Gov. Herbert raised $630K despite being in final term
Jan. 15, 2018
SALT LAKE CITY (AP) — Gov. Gary Herbert raised nearly $630,000 in campaign contributions last year even though he has said he won't seek re-election in 2020.
The Republican governor spent nearly the same amount, but still has $338,000 cash on hand due to past contributions, The Salt Lake Tribune reports .
Herbert brought in the money through his campaign fund and two political action committees. The biggest contribution was $28,000 from the Dominion Energy utility company. Five others gave at least $25,000, including Zions Bank, Qualtrics, NuSkin, Huntsman International and Deseret Power.

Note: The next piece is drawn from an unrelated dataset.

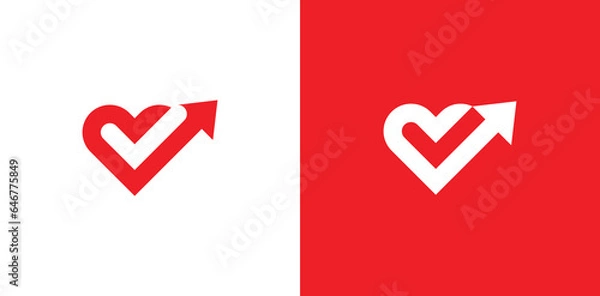 Fototapeta Heart Check with Arrow Logo Concept icon symbol sign Design Element. Tick, Love, Medical, Health Care, Valentine's Day Logotype. Vector illustration template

He also brought in $15,000 from the Utah Workers Compensation Fund and $14,000 from the Utah Association of Realtors. He received $10,000 from 17 donors, including the owner of the Utah Jazz, Gail Miller.
Herbert raised the money to help support other candidates and causes, said Derek Miller, Herbert's political adviser and former chief of staff.

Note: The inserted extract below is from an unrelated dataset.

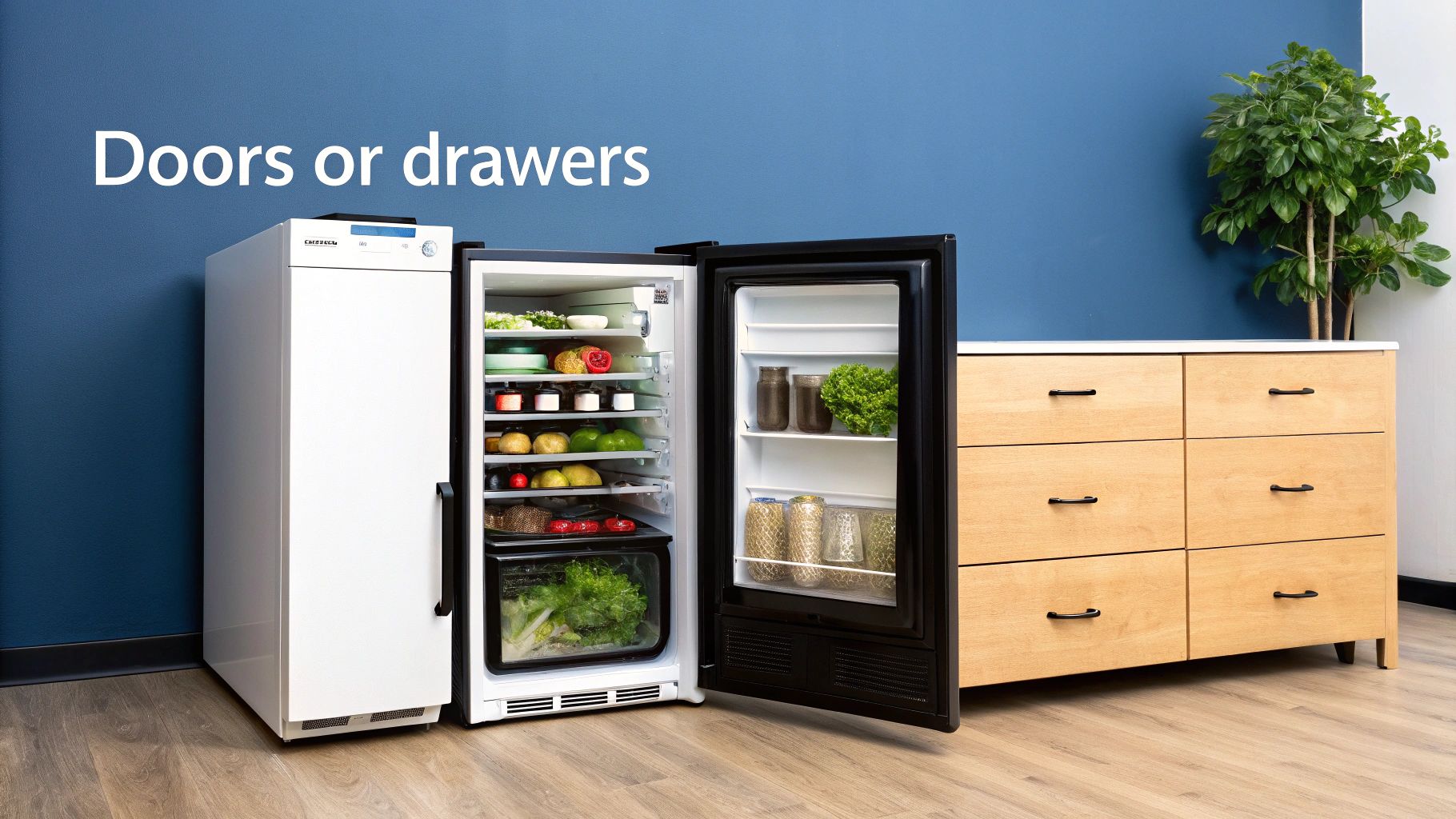 Two modern refrigerators, one white and one black, display food and drinks inside, next to a light wood dresser.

For instance, the governor sponsored a flight to help 40 veterans go to Washington D.C., for recognition and see was memorials, said Miller, now president and CEO of World Trade Center Utah. The governor spent $40,000 on that trip, the records show.

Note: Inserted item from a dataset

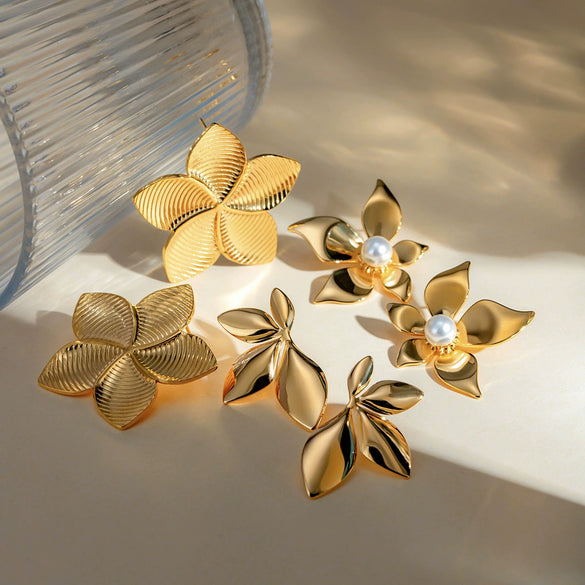 Wholesale Jewelry Stainless Steel Rotating Gold Blade Earrings Geometric Pattern Electroplated For Women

"The governor has a lot of things and issues that he cares about, including supporting other candidates," Miller said.
The governor's fundraising generated controversy in 2016 when a recording emerged of him referring to himself as "Available Jones" when speaking to lobbyists and offering to meet in exchange for campaign donations. The governor later said he was disappointed in himself but nothing unethical or illegal occurred.
The $625,000 spent by Herbert included $158,000 for an annual fundraising gala, $26,500 on his inauguration and $15,500 for a fundraising golf event. He also gave $28,000 to the Utah Republican Party.
Other expenditures included $8,425 for governor coins to give to visitors as souvenirs and $9,220 on holiday cards.